Change management is a structured approach to transitioning people, teams, and organizations from a current state to a desired future state. We like to think of this as a “journey” because conditions are different each time, and often change along the way.
If you are evolving or transforming your business strategy, implementing a new technology system, attempting to change your organization’s culture, or building a high-performance team –we can help you.
Our proven approach helps you organize, plan, and guide your team along its journey. It identifies numerous stages of the journey that we will encounter and applies a proven approach to avoiding potential pitfalls. Although the path is not known or predictable at the beginning, careful planning and navigation are essential to ensure all the elements (people, technology, process, and management) arrive at the right place at the right time.
Engage Sponsors & Influencers
The first step is to identify your sponsors and review their expectations of the project team (and their definition of success). The importance of ensuring that your sponsor is 100% dedicated to change effort cannot be stressed enough. If your sponsor refuses to buy-in, you can’t expect the rest of your team to fall in line.
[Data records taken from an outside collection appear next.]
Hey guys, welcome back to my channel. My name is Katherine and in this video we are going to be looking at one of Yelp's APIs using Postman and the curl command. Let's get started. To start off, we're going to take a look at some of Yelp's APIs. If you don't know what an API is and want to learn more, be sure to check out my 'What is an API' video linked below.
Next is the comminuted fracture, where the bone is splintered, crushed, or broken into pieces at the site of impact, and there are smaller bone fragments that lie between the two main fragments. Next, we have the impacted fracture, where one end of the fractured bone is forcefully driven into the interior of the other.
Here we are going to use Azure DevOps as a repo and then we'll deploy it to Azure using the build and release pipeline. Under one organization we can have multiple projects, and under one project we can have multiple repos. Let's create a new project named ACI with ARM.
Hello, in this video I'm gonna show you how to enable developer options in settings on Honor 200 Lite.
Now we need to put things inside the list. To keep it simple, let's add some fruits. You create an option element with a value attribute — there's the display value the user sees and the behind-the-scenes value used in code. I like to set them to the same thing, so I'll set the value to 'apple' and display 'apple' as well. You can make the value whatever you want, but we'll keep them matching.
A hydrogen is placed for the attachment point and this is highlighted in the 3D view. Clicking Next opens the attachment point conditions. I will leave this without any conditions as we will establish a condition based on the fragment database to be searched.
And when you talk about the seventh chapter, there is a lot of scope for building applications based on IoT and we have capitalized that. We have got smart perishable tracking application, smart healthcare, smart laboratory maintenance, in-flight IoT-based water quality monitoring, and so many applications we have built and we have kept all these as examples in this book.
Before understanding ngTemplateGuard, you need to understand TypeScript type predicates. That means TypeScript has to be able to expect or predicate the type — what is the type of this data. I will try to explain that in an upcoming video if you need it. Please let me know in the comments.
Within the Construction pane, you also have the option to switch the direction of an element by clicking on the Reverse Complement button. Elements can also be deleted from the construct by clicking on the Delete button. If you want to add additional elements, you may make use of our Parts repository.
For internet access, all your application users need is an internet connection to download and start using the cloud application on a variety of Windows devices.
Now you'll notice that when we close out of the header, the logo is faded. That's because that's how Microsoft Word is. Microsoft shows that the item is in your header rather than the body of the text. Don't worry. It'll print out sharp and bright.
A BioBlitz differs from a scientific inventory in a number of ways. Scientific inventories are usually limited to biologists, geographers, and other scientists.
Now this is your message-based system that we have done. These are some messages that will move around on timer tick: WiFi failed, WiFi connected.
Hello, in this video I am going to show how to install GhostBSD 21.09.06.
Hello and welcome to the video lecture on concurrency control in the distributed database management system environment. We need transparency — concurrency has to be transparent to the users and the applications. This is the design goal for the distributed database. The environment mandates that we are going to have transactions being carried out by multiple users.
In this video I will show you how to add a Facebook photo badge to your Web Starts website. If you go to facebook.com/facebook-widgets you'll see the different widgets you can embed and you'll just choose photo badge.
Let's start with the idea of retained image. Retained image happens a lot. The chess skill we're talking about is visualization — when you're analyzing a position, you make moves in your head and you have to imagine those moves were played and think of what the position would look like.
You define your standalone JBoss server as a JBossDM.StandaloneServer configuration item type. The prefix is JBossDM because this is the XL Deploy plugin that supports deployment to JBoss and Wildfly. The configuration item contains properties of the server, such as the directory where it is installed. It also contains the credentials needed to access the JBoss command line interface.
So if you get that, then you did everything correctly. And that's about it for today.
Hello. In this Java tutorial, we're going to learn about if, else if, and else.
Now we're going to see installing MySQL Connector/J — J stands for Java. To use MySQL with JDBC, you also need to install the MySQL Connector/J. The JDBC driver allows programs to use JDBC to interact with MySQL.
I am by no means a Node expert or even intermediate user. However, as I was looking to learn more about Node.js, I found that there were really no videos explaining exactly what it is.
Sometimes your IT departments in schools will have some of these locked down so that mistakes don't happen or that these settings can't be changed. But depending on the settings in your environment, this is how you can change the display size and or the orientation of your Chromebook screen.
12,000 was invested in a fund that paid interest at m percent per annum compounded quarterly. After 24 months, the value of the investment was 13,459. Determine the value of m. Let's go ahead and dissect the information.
Your influencers will also be vital in ensuring a successful change effort. They will provide valuable insight to the project team and influence the development and implementation of change management activities. They will often have the power to persuade and influence other workers that the Sponsors may struggle to reach at times.
Communicate with Stakeholders
When communicating with stakeholders, you can default to five simple questions:
- What are we doing?
- Why is it important?
- What results are we after?
- How will we accomplish this?
- What’s in it for me?
These questions will help guide you in the right direction when it comes time to get across the most important messages to your Stakeholders.
Manage Change Risk & Readiness
With all changes comes risk. It is up to the change team to document and recognize areas that could inhibit a successful implementation. One great exercise to start with is to list out all the possible risks you can think of concerning the change effort. Then identify the probability of the risk occurring and how critical the risk is to the success of the project. These two factors will determine the impact the risk can have on the change. Make sure these risks are assigned to individuals so that they will feel a heightened sense of responsibility and actively work to mitigate the risk throughout the process.
Align the Organization
The first step to aligning the organization with the change effort is to understand the business process hierarchy and scope. Document the process from value stream processing to the individual process steps at the lowest levels. Not all areas will be affected equally, but they may still need to be aware of the change. Identifying how much each section needs to be involved will save time and reduce confusion across the board when done appropriately.
Train Stakeholders
How will you train stakeholders so that the change goes smoothly? We can start by assessing the training needs of the relevant staff and team members. Questions to ask before training include:
- What is the overall scope of the implementation?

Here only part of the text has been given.